The Architecture


Application code runs in Firecracker microVMs. These are lightweight, secure virtual machines based on strong hardware virtualization. Your workloads are safely isolated no matter where they’re running on our infrastructure.

MicroVMs provide strong hardware-virtualization-based security and workload isolation, this allows us to safely run applications from different customers on shared hardware.

We make a best-effort attempt to dedicate hardware resources to only one microVM at a time. CPU cores, for instance, should only ever be doing work for one microVM so your apps don’t have to contend with steal.
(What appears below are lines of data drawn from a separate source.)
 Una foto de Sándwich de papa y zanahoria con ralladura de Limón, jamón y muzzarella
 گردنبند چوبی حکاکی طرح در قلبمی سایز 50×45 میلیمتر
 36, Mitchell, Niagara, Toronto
The virtualized applications run on dedicated physical servers with 8-32 physical CPU cores and 32-256GB of RAM. networking

BGP Anycast

We broadcast and accept traffic from ranges of IP addresses (both IPv4 and IPv6) in all our datacenters. When we receive a connection on one of those IPs, we match it back to an active customer application, and then proxy the TCP connection to the closest available microVM.

Fly Proxy

Every server in our infrastructure runs a Rust-based proxy named fly-proxy. The proxy is responsible for accepting client connections, matching them to customer applications, applying handlers (eg: TLS termination), and backhaul between servers. For more information, see Fly Proxy.


If you have users in Dallas, and an available MicroVM in Chicago, we will accept traffic in Dallas, terminate TLS (unless you’ve disabled that handler), and then connect to your MicroVM over a WireGuard tunnel between datacenters. WireGuard allows us to pass along almost any kind of network connection with very little additional latency.